Webster: Maxwell Library's Online Catalog

 

Daniel WebsterWhy Webster?

Maxwell Library implemented its new online catalog in June 1999. At that time, the online catalog was named Webster. The name was chosen in honor of Daniel Webster.

Daniel Webster was a native New Englander who was born in Salisbury, New Hampshire in 1782. He died in Marshfield, Massachusetts in 1852. He represented Massachusetts as a United States Congressman and as a U.S. Senator.  Daniel Webster served as Secretary of State from 1841-43 under President Harrison and then, after Harrison's death, under John Tyler, and from 1850-52 under Millard Fillmore.

In addition to these achievements, Daniel Webster is highly regarded as an orator. He brought more than 150 pleas before the U.S. Supreme Court and he debated in the U.S. Senate on the issues of federal government versus states’ rights, slavery, and free trade. He delivered major eulogies, including those on the deaths of Thomas Jefferson and John Adams.

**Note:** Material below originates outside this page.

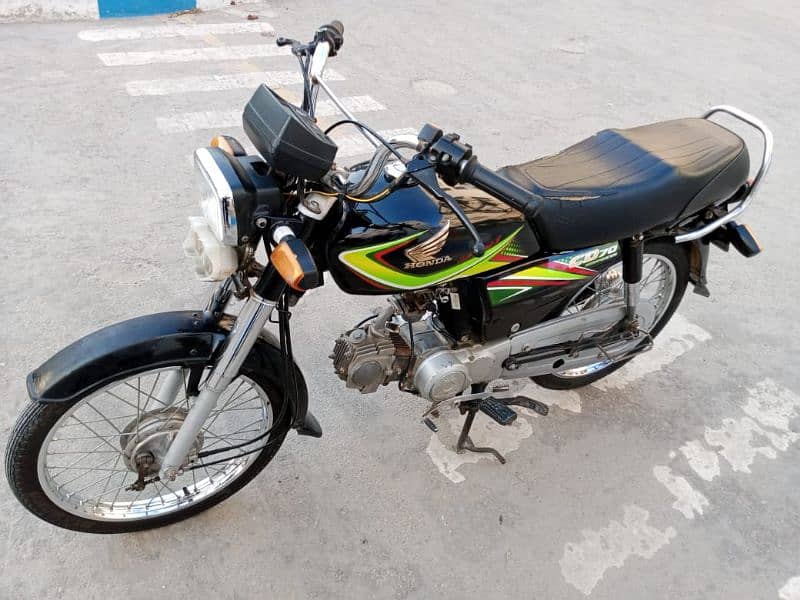 Honda 70 Black Original Condition 6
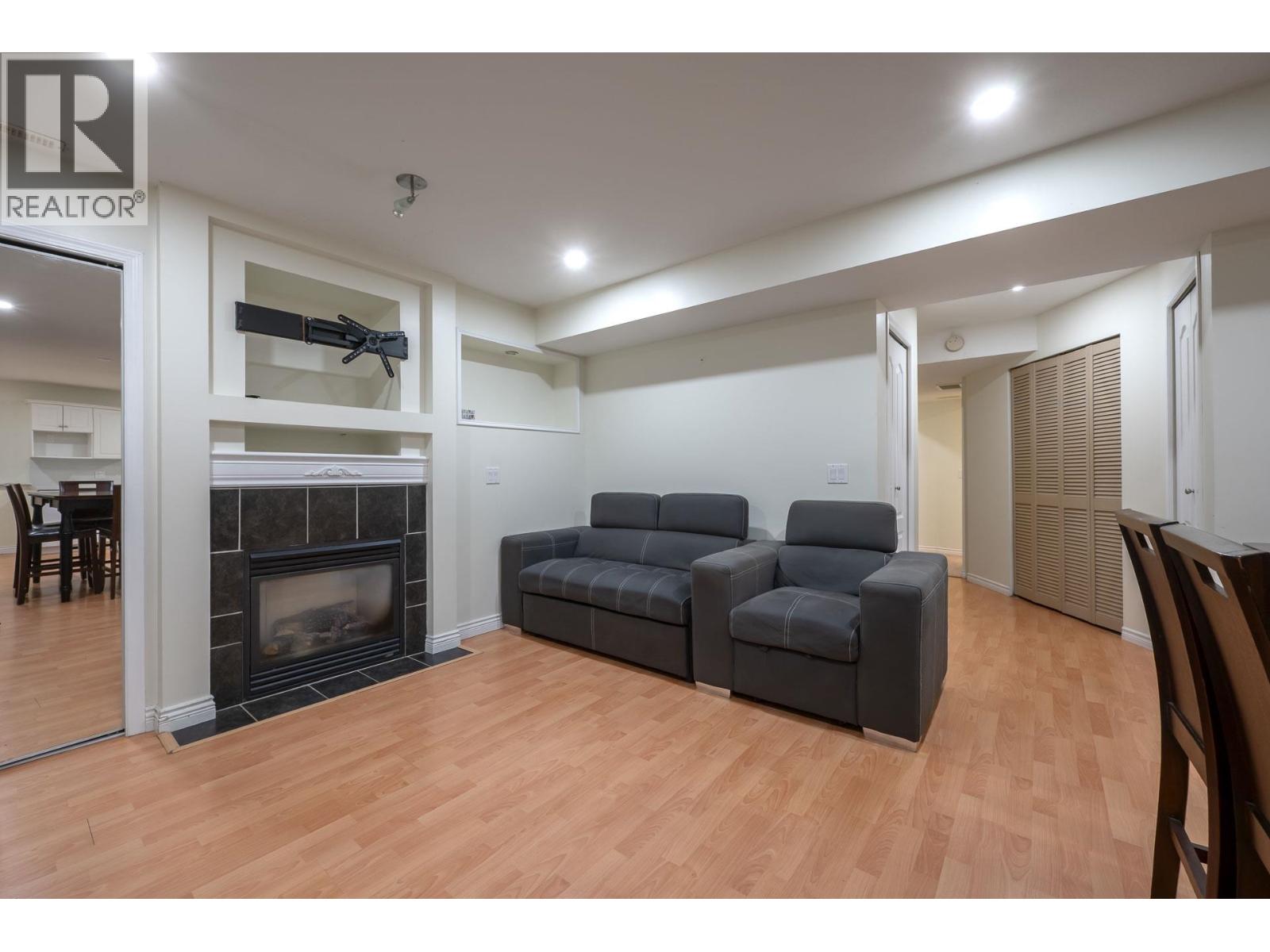23710 110 Avenue Property Photo 29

His oratorical skills are Webster’s link to Bridgewater State College and the naming of Maxwell Library’s online catalog in his honor.

At a meeting of the Plymouth County Association for the Improvement of Common Schools in 1838, Daniel Webster gave a speech. Regrettably, there is no verbatim record of the speech but a detailed summary of his remarks appeared in the Portsmouth Journal on September 29, 1838. In this report, Webster speaks first of public education:

It is a reproach that the public schools are not superior to the private. If, said he [Webster], I had as many sons as old Priam, I would send them all to the public schools. The private schools have injured, in this respect, the public; they have impoverished them. They who should be in them are withdrawn;… those left behind are none the better.

Webster then addressed the need to establish a public institution of higher education in Plymouth County. This, of course, became Bridgewater State College:

This plan of a Normal School in Plymouth County is designed to elevate our common schools, and thus to carry out the noble ideas of our pilgrim fathers. There is a growing need that this be done. He considered the cost very slight; it cannot come into an expanded mind as an objection. If it be an experiment, it is a noble one and should be tried.

Maxwell Library names its online catalog after Daniel Webster and hopes that the Library exemplifies the vision and hope spoken of by Webster: "If it be an experiment, it is a noble one."